I checked the dashboard: 0% error rate across all 3.2 million requests. Zero! Vercel's edge network scaled automatically, the CDN handled static assets, ISR served cached pages. No manual intervention. No engineer on call. No "let's spin up more pods" panic.

The infrastructure cost for that hour: roughly $18.

The efficiency argument

I've worked on projects where self-managed Kubernetes was the infrastructure choice. It works, I'm not going to pretend it doesn't. I remember enjoying setting up Linux servers with nginx myself back in the day. But the overhead is real, and it compounds in ways that aren't obvious until you're deep in it.

You need a DevOps engineer (or a team) to maintain the cluster. That's salary, on-call rotations, and context-switching every time something needs scaling, patching, or debugging. Deployments take longer because they go through infrastructure pipelines that weren't designed for frontend iteration speed. I haven't worked for a single German client in all these years that did not have a code freeze around Black Friday. Deploy pipelines running 20 minutes are real. Instant rollbacks? Not in place. So the team that's supposed to move fast is frozen in place for the most critical sales period of the year.

The math on self-hosted infrastructure for a comparable Black Friday spike: baseline server costs running 24/7, DevOps salary, on-call charges, and the over-provisioning you need to handle unexpected peaks.

$18 vs. that.

Screenshot of the Vercel dashboard
The massive traffic spike of the flash sale had additional costs of just under $18

DevOps as bottleneck

This isn't an argument against DevOps engineers. They're skilled people solving real problems. It's an argument against making DevOps a dependency in your deployment pipeline when you don't have to.

I have seen it in scale-up teams: the DevOps engineer becomes the bottleneck not for deployments themselves, but for everything around them. Monitoring, scaling pods, debugging cluster issues, managing certificates. When traffic spikes, someone has to be watching dashboards and manually adjusting capacity. The team that's supposed to move fast is dependent on infrastructure decisions that have nothing to do with their code.

Managed platforms like Vercel remove that dependency. The frontend team deploys by pushing to git. Preview environments spin up automatically. Scaling is the platform's problem. The DevOps work doesn't disappear, it just moves to where it belongs: the platform provider who does it at scale for thousands of projects, not your one team doing it for one project.

What actually handled the traffic

For context on what made that Black Friday work without intervention:

Edge network: requests get served from the node closest to the user. No single origin server bottleneck. When traffic spikes, the edge network absorbs it across hundreds of locations.
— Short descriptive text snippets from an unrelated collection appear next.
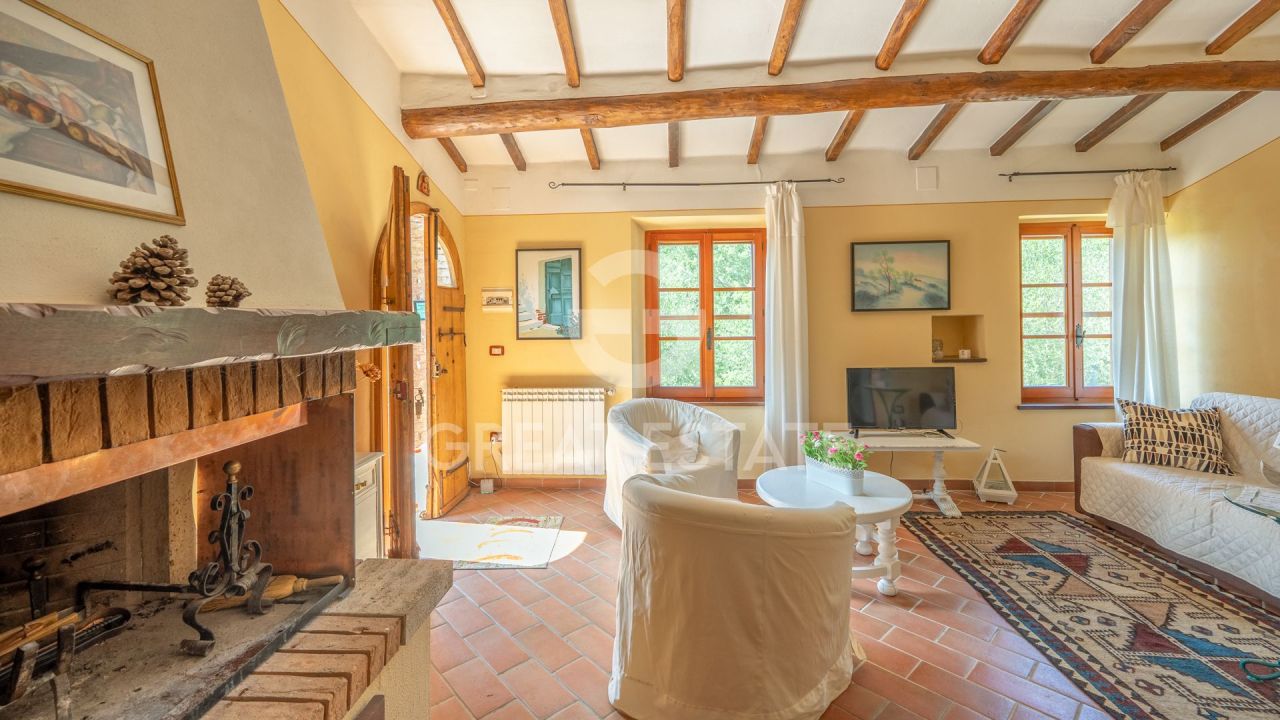 Casa en Torrita di Siena, Italia, 244 m² - imagen 13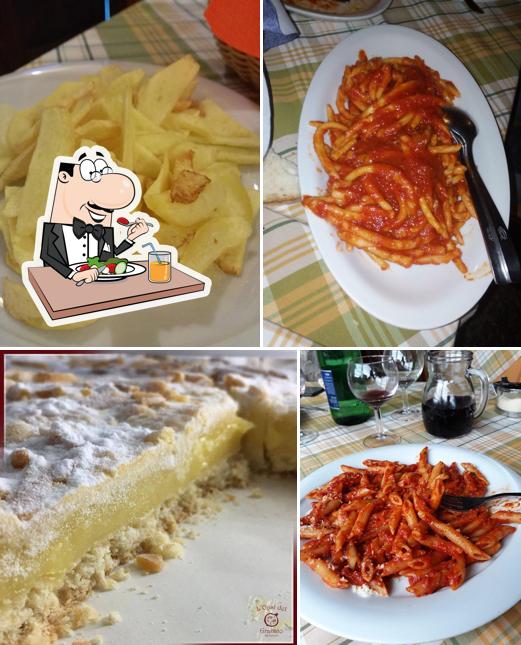 Agriturismo il Granato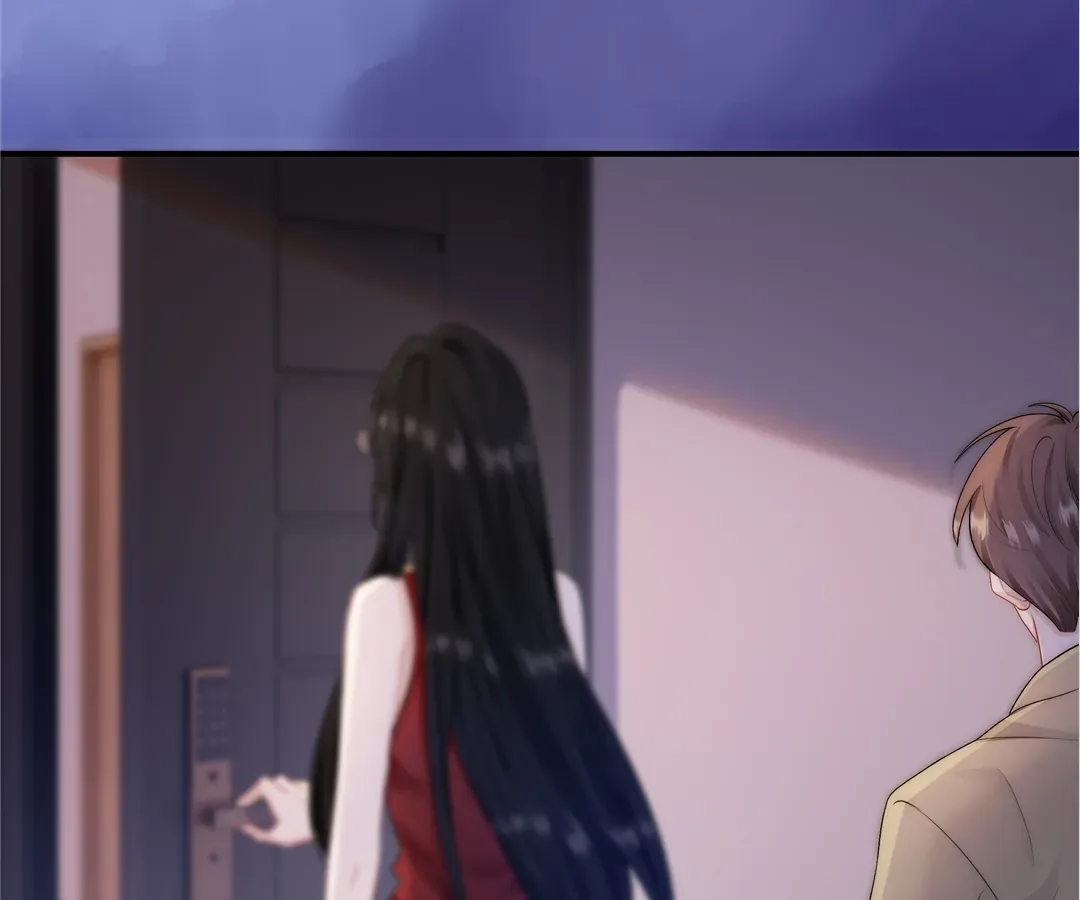 It Turns Out You Are Like This, Secretary Zhou Chapter 6 page 6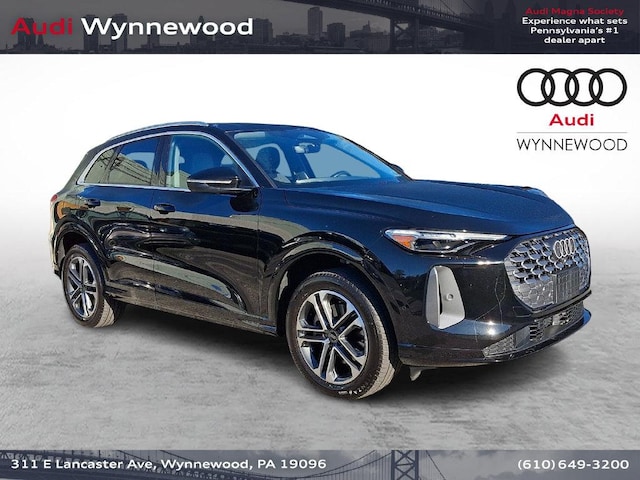 2025 Audi Q5
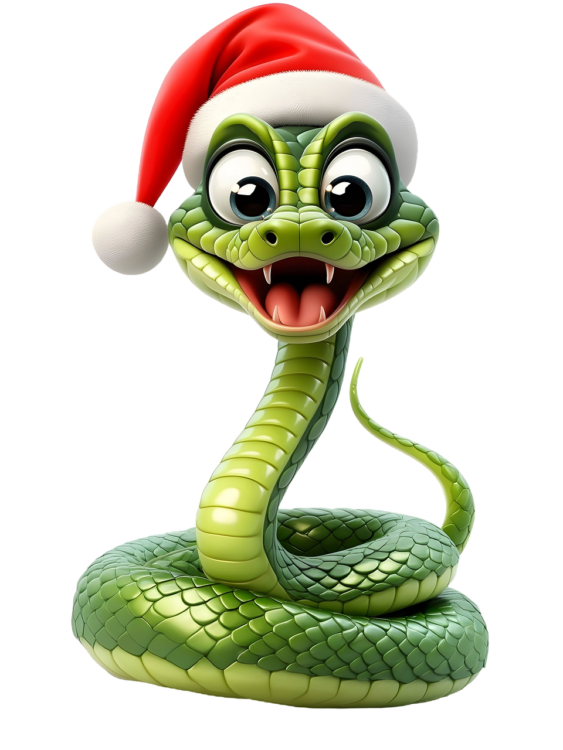 Happy New Year 2025 Png - free transparent PNG image, no background, HD download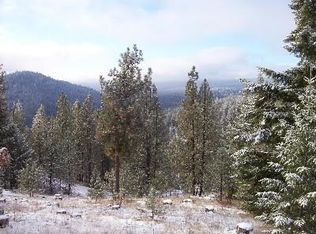 999 Silver Creek Rd, Keller, WA 99140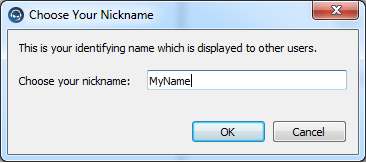 Choose Name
ISR (Incremental Static Regeneration): product pages were pre-rendered and cached at the edge. When a user hits a product page, they get the cached version instantly. The page revalidates in the background on a set interval, so content stays fresh without rebuilding the entire site.
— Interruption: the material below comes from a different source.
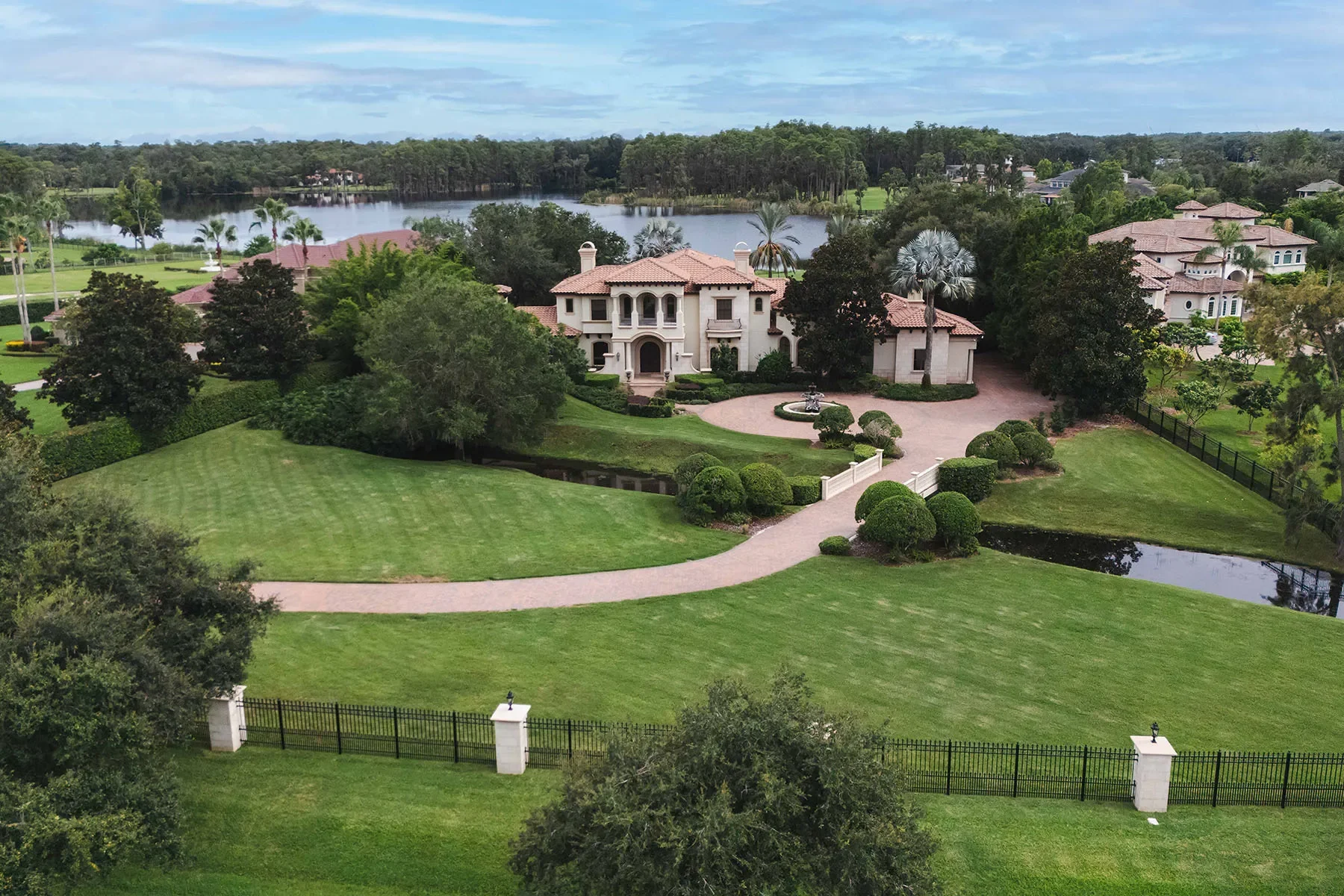 17201 Breeders Cup Drive, Odessa, FL 33556, Odessa, Florida, United States. - Photo 37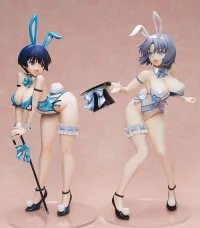 FREEing Yozakura: Bare Leg Bunny Ver. - Shinovi Master Senran Kagura - photo 12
CDN for static assets: images, scripts, stylesheets served from cache. These never hit the origin server during the flash sale.
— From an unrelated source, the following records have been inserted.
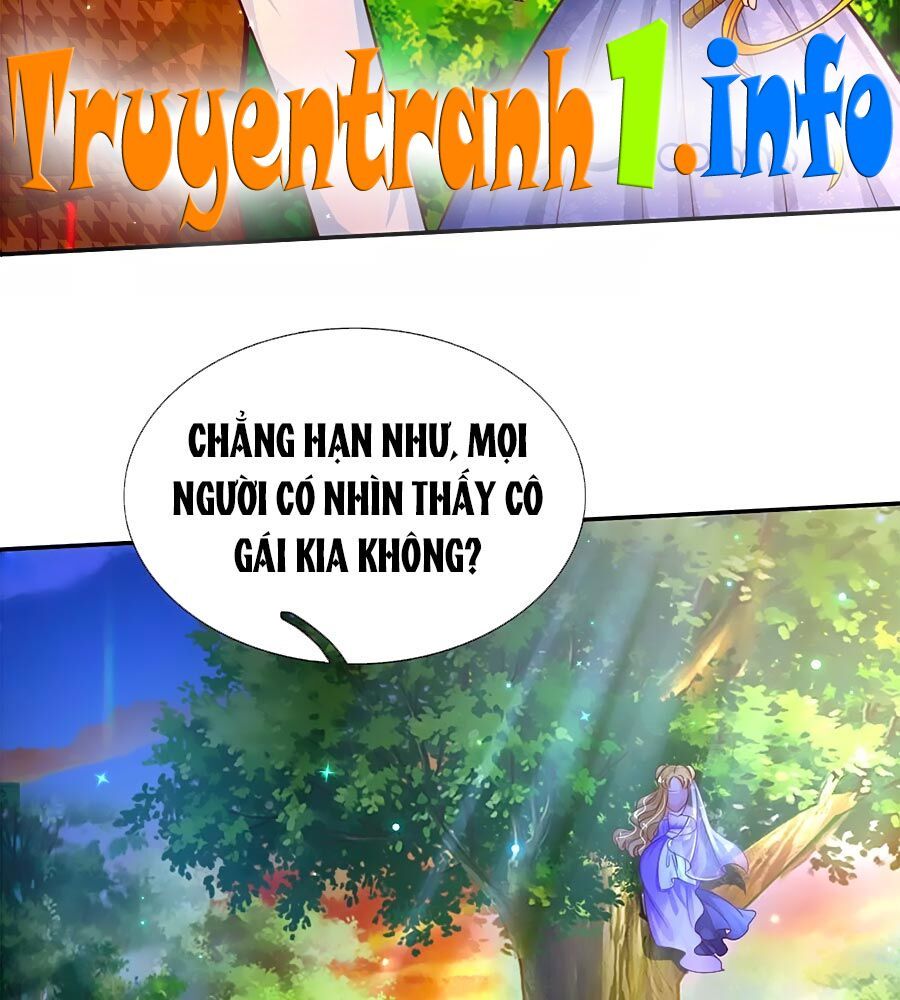 đọc truyện Bỗng Một Ngày Trở Thành Con Gái Nhà Vua Chương 203 ảnh 4 tại Thiên Thai Truyện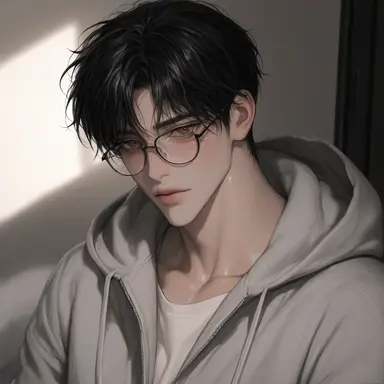 Profile image of Woo Jin-won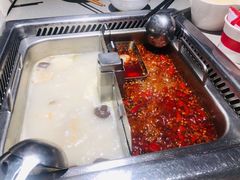 -海底捞火锅(万象城店)
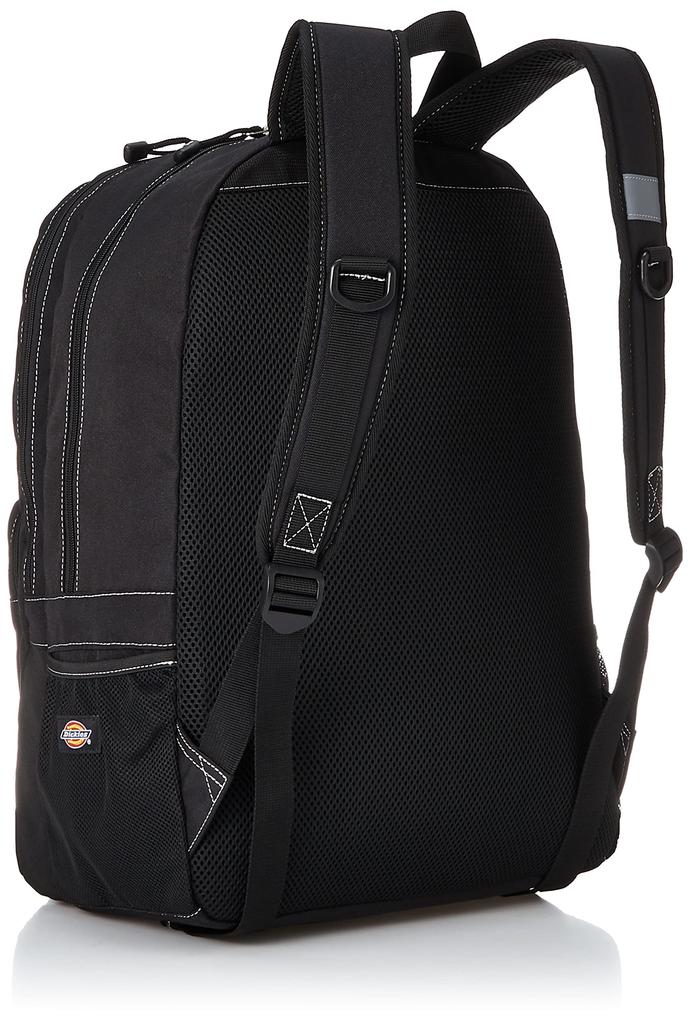Backpack ICON LOGO STUDENTPACK Icon Logo X Colorful One Size [Dickies] (white Stitching)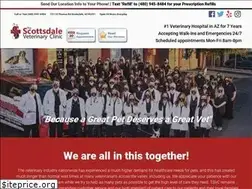 Sites similar to scottsdaleveterinaryclinic.com
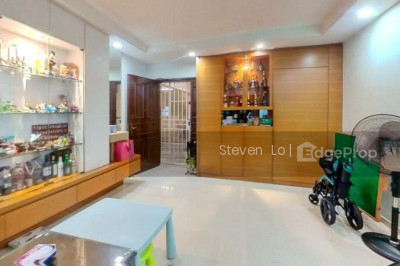 155 RIVERVALE CRESCENT HDB | Listing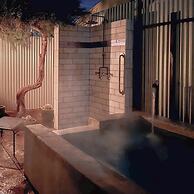 Hoosier Hot Springs & Inn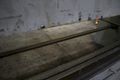 175 TON X 11' HTC HYRDRAULIC PRESS BRAKE: STOCK #70839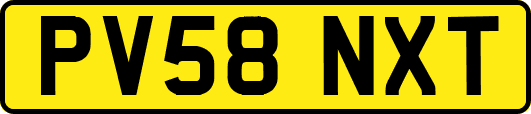 PV58NXT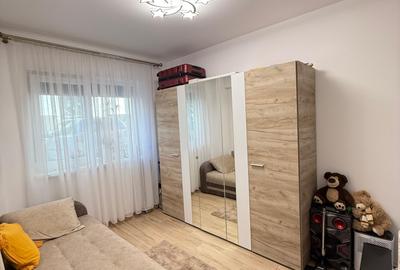 Apartament 2 camere -De inchiriat-Militari Residence-Comision 50% - 13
The combination meant that the vast majority of those 3.2 million requests never reached the application server at all. They were served from cache, at the edge, in milliseconds.

The real cost comparison

Let me put the $18 in context. The additional infrastructure cost for handling that Black Friday 2025 spike:

ResourceUsageCost
Edge Requests14.94M$12.75
Function Duration25.23 GB-Hours$4.68
Total$17.43

That's the additional cost on top of the base plan. The flash sale generated a massive spike, and the additional charges for absorbing it were $18.

A comparable self-managed setup for a traffic-heavy e-commerce site would require provisioning for peak capacity. You'd need load balancers, auto-scaling groups (which still need configuration and monitoring), CDN configuration, SSL management, and someone to maintain all of it. The baseline cost alone, before any traffic hits, would exceed what the entire month cost on Vercel.

I'm not saying managed platforms are the right choice for every project. If you're running ML workloads, processing video, or need specific compliance requirements that demand infrastructure control, self-managing makes sense. For a Next.js e-commerce frontend serving cached pages and handling flash sales? The decision is clear.

I stopped self-managing infrastructure because the trade-off stopped making sense. The time my clients' teams used to spend on infrastructure now goes into building features. And on Black Friday, the only thing anyone had to monitor was the sales dashboard.